— DIRECTIONS FOR THIS TASK —
Print verbatim the opening line of the material and every subsequent line through the one containing "Andrea Kerestešová Růžičková".

— SOURCE RECORDS —
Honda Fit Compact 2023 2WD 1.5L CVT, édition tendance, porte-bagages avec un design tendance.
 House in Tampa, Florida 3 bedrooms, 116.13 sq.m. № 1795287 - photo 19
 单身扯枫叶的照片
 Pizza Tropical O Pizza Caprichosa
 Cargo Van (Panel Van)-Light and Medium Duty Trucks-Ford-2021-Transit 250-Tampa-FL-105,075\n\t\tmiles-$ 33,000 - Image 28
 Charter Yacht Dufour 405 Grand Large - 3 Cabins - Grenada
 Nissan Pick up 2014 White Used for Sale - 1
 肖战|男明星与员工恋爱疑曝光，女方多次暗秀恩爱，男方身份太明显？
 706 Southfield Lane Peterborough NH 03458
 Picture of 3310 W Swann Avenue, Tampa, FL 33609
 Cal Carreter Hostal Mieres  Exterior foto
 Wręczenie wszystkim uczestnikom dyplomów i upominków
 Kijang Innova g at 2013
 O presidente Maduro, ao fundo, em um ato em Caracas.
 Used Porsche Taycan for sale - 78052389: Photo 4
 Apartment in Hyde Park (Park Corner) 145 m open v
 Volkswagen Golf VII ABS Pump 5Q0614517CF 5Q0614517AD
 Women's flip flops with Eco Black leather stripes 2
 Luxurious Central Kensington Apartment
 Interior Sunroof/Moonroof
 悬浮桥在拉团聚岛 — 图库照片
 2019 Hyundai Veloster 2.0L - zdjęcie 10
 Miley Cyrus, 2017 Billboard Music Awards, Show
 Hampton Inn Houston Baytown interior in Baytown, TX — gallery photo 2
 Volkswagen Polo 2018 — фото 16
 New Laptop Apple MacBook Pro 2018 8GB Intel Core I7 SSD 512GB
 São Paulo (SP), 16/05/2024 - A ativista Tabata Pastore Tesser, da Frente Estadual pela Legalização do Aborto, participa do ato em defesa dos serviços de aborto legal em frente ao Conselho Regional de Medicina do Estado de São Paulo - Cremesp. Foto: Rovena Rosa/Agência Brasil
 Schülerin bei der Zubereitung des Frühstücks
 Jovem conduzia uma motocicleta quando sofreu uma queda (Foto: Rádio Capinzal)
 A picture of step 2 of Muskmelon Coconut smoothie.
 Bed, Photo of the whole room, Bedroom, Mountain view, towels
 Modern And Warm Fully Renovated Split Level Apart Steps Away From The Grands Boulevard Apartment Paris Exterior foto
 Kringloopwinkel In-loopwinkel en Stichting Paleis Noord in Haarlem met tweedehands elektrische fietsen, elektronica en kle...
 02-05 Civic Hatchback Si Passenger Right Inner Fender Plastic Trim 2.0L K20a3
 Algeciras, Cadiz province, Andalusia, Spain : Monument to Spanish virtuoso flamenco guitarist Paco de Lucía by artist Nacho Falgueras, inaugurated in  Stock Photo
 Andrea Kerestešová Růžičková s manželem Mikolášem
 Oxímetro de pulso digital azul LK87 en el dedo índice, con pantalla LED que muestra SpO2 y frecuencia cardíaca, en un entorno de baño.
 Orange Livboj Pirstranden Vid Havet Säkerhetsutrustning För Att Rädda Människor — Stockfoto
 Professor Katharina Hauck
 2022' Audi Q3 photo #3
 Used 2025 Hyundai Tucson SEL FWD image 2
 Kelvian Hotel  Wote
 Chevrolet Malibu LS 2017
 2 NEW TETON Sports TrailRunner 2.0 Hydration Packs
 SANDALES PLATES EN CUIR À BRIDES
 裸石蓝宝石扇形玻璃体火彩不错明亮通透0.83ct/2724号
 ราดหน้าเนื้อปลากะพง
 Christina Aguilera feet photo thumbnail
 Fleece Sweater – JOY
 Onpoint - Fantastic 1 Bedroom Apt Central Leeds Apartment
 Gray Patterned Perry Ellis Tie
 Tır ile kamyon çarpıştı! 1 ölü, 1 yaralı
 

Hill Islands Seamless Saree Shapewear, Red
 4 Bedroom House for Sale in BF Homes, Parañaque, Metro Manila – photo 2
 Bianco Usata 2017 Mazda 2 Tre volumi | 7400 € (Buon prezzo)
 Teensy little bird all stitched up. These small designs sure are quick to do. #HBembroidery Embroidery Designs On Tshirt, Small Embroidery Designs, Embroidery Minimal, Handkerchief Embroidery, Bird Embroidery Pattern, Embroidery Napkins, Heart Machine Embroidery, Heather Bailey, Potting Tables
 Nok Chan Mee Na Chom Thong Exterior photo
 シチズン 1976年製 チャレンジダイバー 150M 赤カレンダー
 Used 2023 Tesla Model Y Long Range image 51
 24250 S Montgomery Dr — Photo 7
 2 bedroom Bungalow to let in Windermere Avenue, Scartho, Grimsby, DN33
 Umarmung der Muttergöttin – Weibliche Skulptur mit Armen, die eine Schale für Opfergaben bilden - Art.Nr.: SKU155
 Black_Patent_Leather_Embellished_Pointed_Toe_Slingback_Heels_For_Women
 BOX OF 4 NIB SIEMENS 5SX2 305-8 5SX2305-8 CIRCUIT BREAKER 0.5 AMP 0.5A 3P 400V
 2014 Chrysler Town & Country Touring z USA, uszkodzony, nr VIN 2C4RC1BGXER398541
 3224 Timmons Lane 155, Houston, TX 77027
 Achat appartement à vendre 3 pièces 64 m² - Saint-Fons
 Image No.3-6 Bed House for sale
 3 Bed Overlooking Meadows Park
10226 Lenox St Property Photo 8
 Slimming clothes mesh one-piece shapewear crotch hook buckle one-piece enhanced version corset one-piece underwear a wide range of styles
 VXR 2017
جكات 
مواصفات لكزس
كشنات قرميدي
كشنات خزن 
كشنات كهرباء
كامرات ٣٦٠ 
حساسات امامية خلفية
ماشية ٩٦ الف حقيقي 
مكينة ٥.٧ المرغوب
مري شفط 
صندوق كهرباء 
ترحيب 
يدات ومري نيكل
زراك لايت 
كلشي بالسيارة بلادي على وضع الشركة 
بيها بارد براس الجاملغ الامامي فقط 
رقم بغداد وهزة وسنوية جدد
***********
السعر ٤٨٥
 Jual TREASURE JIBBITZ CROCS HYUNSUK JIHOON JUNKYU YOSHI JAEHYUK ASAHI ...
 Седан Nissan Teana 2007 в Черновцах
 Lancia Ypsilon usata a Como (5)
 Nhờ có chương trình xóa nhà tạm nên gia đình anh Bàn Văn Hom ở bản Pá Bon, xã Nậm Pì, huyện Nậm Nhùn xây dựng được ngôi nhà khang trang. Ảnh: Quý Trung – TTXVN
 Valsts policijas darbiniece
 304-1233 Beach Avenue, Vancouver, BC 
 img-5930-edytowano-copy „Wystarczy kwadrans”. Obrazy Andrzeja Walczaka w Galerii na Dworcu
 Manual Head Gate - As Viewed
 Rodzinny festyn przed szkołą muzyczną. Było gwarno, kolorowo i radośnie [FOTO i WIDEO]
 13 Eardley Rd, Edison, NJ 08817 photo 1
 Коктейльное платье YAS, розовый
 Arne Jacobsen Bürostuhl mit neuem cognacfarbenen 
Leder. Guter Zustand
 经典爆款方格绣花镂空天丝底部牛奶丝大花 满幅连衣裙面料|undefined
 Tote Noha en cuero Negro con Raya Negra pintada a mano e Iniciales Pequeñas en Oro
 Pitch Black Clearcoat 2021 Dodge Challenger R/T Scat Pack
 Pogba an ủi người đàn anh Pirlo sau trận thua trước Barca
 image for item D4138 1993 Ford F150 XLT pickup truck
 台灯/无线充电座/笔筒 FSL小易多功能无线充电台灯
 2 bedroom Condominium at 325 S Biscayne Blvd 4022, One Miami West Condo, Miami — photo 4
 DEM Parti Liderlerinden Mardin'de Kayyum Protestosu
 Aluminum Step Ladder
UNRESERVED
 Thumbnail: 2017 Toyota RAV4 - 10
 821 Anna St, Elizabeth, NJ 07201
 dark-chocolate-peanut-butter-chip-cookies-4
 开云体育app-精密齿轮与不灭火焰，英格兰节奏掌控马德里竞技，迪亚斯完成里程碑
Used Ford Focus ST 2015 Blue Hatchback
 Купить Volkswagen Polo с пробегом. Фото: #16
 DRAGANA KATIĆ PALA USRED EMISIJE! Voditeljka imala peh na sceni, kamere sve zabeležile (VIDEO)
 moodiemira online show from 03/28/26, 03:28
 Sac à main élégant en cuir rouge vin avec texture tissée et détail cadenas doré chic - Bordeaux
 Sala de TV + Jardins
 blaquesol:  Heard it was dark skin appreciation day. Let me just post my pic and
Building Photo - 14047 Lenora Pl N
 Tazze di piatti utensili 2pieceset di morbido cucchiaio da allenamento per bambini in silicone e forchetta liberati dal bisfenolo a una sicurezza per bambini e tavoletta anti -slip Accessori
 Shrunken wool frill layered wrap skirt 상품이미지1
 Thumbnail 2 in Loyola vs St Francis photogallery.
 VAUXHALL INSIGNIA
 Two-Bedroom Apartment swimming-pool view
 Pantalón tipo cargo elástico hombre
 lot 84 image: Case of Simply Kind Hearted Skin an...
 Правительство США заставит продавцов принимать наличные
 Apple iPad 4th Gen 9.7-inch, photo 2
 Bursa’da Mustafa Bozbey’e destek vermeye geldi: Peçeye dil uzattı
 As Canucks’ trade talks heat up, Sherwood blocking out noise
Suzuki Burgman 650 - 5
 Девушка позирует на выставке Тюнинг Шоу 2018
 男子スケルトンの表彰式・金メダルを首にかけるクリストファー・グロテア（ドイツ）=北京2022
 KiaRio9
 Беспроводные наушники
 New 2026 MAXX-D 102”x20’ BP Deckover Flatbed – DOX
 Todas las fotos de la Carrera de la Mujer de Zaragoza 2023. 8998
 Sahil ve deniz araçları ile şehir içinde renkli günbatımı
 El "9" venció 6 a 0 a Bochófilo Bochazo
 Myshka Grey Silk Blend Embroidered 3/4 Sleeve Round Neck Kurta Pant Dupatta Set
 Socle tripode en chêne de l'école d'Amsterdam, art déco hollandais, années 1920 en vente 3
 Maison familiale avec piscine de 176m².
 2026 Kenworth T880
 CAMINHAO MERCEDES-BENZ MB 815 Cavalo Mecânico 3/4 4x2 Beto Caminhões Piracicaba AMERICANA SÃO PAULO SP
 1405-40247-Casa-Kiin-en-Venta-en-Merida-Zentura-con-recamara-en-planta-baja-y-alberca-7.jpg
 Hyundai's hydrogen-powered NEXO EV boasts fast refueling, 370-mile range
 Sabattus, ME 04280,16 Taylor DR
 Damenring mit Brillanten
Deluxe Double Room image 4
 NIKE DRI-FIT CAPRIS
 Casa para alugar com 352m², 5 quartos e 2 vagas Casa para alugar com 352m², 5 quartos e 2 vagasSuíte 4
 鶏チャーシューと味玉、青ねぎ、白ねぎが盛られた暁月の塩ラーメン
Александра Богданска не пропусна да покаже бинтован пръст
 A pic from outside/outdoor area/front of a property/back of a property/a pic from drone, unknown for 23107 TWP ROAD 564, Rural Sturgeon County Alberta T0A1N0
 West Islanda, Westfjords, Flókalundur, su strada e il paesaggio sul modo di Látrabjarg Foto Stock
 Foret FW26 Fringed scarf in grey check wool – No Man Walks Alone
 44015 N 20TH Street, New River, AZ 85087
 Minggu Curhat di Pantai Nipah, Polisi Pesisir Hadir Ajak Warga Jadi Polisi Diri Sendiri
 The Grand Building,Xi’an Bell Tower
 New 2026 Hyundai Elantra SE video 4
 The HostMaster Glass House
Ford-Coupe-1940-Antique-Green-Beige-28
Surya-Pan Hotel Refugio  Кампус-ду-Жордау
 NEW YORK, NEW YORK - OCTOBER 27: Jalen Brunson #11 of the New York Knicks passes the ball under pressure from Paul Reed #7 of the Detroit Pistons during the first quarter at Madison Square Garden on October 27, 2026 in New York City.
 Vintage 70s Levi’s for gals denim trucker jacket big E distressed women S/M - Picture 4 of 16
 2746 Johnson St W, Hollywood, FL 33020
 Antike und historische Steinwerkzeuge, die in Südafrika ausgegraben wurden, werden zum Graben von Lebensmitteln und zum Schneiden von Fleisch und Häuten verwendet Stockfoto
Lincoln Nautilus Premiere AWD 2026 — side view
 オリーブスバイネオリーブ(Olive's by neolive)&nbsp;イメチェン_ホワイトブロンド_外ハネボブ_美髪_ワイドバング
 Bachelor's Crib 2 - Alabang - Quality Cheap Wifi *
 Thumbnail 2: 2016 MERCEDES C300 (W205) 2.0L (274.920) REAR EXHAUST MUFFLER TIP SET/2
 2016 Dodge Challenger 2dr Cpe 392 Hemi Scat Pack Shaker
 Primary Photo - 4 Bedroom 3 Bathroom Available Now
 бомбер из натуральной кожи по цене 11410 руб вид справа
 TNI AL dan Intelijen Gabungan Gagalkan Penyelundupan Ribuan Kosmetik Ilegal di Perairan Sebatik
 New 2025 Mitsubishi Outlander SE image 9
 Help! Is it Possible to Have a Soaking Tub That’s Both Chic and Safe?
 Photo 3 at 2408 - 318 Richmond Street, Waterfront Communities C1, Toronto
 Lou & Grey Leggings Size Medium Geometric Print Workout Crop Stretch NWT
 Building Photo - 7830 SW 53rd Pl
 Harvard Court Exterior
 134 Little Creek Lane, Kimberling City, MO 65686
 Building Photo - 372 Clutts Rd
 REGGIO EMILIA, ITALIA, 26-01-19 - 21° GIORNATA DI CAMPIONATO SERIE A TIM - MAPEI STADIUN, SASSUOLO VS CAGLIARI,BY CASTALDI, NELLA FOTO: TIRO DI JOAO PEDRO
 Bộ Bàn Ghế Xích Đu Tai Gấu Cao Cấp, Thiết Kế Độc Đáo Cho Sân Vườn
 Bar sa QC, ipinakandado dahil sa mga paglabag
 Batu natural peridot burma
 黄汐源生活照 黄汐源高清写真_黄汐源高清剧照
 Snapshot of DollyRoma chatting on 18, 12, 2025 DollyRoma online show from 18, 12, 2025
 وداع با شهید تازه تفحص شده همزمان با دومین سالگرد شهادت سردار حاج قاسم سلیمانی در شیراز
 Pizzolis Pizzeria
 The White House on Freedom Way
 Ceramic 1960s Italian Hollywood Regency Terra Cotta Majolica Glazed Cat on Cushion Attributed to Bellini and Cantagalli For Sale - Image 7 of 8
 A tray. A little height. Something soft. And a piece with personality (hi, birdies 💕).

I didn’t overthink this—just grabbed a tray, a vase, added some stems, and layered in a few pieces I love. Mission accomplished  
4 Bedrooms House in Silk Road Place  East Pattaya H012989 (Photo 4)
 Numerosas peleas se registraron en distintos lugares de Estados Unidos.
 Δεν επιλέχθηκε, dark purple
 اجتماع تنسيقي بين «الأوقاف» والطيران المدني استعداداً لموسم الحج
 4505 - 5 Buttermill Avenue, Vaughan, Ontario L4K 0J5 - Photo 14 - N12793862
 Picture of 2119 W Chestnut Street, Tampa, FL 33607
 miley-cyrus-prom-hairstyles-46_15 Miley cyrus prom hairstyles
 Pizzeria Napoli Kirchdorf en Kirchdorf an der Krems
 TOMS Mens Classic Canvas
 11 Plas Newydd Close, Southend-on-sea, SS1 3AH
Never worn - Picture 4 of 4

— SOLVED EXERCISE —
Honda Fit Compact 2023 2WD 1.5L CVT, édition tendance, porte-bagages avec un design tendance.
 House in Tampa, Florida 3 bedrooms, 116.13 sq.m. № 1795287 - photo 19
 单身扯枫叶的照片
 Pizza Tropical O Pizza Caprichosa
 Cargo Van (Panel Van)-Light and Medium Duty Trucks-Ford-2021-Transit 250-Tampa-FL-105,075\n\t\tmiles-$ 33,000 - Image 28
 Charter Yacht Dufour 405 Grand Large - 3 Cabins - Grenada
 Nissan Pick up 2014 White Used for Sale - 1
 肖战|男明星与员工恋爱疑曝光，女方多次暗秀恩爱，男方身份太明显？
 706 Southfield Lane Peterborough NH 03458
 Picture of 3310 W Swann Avenue, Tampa, FL 33609
 Cal Carreter Hostal Mieres  Exterior foto
 Wręczenie wszystkim uczestnikom dyplomów i upominków
 Kijang Innova g at 2013
 O presidente Maduro, ao fundo, em um ato em Caracas.
 Used Porsche Taycan for sale - 78052389: Photo 4
 Apartment in Hyde Park (Park Corner) 145 m open v
 Volkswagen Golf VII ABS Pump 5Q0614517CF 5Q0614517AD
 Women's flip flops with Eco Black leather stripes 2
 Luxurious Central Kensington Apartment
 Interior Sunroof/Moonroof
 悬浮桥在拉团聚岛 — 图库照片
 2019 Hyundai Veloster 2.0L - zdjęcie 10
 Miley Cyrus, 2017 Billboard Music Awards, Show
 Hampton Inn Houston Baytown interior in Baytown, TX — gallery photo 2
 Volkswagen Polo 2018 — фото 16
 New Laptop Apple MacBook Pro 2018 8GB Intel Core I7 SSD 512GB
 São Paulo (SP), 16/05/2024 - A ativista Tabata Pastore Tesser, da Frente Estadual pela Legalização do Aborto, participa do ato em defesa dos serviços de aborto legal em frente ao Conselho Regional de Medicina do Estado de São Paulo - Cremesp. Foto: Rovena Rosa/Agência Brasil
 Schülerin bei der Zubereitung des Frühstücks
 Jovem conduzia uma motocicleta quando sofreu uma queda (Foto: Rádio Capinzal)
 A picture of step 2 of Muskmelon Coconut smoothie.
 Bed, Photo of the whole room, Bedroom, Mountain view, towels
 Modern And Warm Fully Renovated Split Level Apart Steps Away From The Grands Boulevard Apartment Paris Exterior foto
 Kringloopwinkel In-loopwinkel en Stichting Paleis Noord in Haarlem met tweedehands elektrische fietsen, elektronica en kle...
 02-05 Civic Hatchback Si Passenger Right Inner Fender Plastic Trim 2.0L K20a3
 Algeciras, Cadiz province, Andalusia, Spain : Monument to Spanish virtuoso flamenco guitarist Paco de Lucía by artist Nacho Falgueras, inaugurated in  Stock Photo
 Andrea Kerestešová Růžičková s manželem Mikolášem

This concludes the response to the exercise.